───── DATA PROVIDED ─────
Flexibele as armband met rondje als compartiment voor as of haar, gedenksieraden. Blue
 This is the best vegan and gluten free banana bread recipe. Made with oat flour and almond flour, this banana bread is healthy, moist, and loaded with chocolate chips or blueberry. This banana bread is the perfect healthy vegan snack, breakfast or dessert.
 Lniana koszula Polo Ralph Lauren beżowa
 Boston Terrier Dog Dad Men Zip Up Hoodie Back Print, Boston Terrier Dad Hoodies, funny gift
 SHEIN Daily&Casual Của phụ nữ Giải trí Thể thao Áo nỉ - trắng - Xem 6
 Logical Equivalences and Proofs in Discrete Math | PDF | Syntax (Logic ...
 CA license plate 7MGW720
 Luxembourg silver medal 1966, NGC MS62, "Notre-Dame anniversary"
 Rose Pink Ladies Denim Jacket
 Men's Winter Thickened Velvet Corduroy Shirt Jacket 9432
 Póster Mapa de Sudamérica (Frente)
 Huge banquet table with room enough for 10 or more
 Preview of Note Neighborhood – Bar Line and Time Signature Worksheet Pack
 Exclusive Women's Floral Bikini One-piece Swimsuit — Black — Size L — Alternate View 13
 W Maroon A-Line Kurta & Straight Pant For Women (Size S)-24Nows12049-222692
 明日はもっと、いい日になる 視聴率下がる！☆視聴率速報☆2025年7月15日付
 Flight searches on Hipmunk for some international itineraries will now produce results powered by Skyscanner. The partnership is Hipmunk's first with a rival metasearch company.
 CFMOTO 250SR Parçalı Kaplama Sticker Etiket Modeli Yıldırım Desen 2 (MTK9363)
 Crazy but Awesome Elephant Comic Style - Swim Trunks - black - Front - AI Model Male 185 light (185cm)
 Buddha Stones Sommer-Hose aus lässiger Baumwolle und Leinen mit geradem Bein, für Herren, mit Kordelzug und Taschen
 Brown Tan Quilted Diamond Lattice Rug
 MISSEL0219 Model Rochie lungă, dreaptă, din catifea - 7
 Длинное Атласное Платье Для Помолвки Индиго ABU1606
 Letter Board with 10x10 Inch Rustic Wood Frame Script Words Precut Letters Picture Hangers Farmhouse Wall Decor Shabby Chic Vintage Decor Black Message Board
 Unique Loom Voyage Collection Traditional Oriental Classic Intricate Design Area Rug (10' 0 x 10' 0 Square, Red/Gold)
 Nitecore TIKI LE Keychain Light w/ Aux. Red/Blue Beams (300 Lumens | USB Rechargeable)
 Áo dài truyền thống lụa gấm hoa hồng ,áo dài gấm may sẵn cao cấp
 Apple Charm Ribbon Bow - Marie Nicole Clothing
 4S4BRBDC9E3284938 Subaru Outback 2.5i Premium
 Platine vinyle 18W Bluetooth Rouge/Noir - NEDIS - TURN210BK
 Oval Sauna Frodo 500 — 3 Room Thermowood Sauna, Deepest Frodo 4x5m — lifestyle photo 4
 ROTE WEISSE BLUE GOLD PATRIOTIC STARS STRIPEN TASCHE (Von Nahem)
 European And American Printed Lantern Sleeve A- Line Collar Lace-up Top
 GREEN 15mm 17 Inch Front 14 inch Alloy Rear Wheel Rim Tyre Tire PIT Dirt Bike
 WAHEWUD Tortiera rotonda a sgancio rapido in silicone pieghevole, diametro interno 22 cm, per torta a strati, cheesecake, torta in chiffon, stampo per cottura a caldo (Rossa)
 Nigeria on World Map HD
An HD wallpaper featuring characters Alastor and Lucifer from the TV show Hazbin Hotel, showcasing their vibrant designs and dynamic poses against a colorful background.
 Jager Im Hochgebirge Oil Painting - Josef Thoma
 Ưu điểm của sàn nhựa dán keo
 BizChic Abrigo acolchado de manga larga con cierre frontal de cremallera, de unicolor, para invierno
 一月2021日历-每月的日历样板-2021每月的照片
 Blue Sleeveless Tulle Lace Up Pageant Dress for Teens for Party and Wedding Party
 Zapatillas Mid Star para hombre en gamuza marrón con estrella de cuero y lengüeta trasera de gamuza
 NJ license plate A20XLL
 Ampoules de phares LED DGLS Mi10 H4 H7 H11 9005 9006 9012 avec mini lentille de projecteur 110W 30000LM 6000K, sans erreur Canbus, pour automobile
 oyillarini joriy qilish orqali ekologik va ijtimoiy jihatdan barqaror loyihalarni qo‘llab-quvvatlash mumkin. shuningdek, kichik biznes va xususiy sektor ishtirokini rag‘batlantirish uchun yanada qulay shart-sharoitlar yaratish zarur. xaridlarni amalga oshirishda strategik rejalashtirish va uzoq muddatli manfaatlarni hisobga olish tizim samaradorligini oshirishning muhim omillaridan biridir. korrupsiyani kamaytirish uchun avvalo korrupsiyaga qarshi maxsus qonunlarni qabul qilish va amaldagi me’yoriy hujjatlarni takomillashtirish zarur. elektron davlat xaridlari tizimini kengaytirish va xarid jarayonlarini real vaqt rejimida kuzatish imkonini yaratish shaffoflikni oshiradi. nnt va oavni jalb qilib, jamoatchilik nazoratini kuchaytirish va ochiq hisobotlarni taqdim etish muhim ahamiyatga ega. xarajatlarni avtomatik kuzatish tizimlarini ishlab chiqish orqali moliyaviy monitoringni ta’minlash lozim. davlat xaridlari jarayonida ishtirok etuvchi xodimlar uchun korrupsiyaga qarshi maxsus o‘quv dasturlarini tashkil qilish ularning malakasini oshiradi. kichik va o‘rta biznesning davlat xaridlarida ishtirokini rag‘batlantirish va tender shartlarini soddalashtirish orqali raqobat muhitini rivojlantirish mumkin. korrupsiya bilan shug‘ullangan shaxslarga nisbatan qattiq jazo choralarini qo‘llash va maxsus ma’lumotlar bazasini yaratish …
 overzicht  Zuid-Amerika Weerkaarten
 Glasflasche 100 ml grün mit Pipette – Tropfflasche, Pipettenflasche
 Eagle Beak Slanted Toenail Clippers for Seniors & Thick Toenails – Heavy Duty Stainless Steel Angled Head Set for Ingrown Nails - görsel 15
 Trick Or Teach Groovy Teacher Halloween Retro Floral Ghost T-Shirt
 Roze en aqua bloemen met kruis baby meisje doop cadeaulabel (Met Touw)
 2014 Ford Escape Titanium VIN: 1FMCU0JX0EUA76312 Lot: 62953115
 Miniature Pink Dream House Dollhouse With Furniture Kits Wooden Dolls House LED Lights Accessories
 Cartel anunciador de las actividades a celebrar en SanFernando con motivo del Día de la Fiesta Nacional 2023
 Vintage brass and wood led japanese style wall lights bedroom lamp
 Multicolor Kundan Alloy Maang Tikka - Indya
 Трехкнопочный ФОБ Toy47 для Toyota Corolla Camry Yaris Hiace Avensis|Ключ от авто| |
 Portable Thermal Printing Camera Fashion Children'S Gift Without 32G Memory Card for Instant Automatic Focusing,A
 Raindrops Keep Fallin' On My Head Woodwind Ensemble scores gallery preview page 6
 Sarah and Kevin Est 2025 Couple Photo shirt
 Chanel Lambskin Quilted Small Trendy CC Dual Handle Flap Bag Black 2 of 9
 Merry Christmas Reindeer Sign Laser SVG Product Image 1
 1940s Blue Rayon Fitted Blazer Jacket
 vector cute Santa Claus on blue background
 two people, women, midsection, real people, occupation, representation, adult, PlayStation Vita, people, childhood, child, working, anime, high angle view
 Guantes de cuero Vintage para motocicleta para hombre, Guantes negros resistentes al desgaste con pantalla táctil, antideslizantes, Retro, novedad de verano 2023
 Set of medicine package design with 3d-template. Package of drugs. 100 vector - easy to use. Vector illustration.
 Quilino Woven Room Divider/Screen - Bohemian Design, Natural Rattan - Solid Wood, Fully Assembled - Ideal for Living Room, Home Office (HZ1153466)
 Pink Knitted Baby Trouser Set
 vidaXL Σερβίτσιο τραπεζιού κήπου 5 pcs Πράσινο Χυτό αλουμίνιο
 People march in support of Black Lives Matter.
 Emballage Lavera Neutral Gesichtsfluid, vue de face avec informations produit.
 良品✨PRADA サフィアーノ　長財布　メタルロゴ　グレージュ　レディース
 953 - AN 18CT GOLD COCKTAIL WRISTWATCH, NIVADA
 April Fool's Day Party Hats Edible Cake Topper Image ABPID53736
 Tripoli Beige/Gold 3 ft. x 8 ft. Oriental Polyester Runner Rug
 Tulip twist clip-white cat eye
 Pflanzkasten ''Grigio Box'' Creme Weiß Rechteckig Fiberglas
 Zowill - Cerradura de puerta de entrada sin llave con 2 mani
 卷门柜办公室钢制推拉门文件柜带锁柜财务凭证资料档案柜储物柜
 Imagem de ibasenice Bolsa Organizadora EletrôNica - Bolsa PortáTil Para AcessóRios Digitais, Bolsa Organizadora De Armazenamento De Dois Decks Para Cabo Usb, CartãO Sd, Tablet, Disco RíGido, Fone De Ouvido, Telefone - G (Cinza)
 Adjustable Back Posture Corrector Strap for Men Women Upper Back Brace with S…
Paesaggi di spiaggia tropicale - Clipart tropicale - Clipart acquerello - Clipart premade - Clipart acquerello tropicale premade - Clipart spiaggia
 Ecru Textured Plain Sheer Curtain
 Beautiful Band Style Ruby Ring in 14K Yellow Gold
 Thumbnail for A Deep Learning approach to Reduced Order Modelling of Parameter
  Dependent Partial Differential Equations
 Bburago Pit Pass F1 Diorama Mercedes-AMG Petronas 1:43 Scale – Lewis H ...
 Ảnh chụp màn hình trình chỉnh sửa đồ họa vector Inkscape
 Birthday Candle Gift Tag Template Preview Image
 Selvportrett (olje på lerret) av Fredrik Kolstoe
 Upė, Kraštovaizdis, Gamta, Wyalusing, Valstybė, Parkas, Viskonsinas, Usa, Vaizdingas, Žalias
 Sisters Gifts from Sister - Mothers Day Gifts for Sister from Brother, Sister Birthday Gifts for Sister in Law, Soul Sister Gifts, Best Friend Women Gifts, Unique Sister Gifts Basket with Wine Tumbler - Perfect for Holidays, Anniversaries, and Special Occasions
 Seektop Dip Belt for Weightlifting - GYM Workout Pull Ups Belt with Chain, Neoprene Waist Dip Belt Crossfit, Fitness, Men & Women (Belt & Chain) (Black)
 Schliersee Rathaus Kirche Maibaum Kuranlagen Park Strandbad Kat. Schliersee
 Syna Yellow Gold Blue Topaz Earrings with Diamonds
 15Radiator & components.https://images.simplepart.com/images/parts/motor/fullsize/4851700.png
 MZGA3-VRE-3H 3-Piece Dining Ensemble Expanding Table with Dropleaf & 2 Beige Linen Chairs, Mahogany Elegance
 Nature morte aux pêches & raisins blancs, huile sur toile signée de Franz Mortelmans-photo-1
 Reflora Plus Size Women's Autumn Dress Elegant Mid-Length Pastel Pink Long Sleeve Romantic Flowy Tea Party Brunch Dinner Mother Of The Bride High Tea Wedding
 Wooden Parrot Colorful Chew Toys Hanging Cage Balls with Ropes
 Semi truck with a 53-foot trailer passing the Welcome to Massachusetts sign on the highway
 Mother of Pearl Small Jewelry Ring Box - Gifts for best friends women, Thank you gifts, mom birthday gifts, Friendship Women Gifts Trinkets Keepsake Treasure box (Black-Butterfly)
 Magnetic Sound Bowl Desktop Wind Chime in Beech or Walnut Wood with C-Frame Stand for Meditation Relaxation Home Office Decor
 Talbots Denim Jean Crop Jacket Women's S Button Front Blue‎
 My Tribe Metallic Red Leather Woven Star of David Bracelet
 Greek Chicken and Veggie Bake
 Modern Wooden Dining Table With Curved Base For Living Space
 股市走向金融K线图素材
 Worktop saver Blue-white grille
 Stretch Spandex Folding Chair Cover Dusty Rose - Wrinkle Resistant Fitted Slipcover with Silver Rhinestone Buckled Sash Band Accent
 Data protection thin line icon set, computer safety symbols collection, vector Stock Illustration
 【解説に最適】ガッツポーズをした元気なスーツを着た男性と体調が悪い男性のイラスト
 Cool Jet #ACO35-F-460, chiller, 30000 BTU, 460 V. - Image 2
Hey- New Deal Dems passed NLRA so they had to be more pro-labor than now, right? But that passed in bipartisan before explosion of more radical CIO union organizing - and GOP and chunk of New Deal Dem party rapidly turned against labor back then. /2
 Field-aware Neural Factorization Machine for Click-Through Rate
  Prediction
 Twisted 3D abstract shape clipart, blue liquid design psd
─────
DIRECTIONS FOR THIS TASK:
The stretch of entries above that starts with the line containing "Adjustable Back Posture" and goes on through the line containing "Usa, Vaizdingas, Žalias" is to be transcribed exactly, and no other line is to be transcribed.

PROBLEM SOLUTION:
 Adjustable Back Posture Corrector Strap for Men Women Upper Back Brace with S…
Paesaggi di spiaggia tropicale - Clipart tropicale - Clipart acquerello - Clipart premade - Clipart acquerello tropicale premade - Clipart spiaggia
 Ecru Textured Plain Sheer Curtain
 Beautiful Band Style Ruby Ring in 14K Yellow Gold
 Thumbnail for A Deep Learning approach to Reduced Order Modelling of Parameter
  Dependent Partial Differential Equations
 Bburago Pit Pass F1 Diorama Mercedes-AMG Petronas 1:43 Scale – Lewis H ...
 Ảnh chụp màn hình trình chỉnh sửa đồ họa vector Inkscape
 Birthday Candle Gift Tag Template Preview Image
 Selvportrett (olje på lerret) av Fredrik Kolstoe
 Upė, Kraštovaizdis, Gamta, Wyalusing, Valstybė, Parkas, Viskonsinas, Usa, Vaizdingas, Žalias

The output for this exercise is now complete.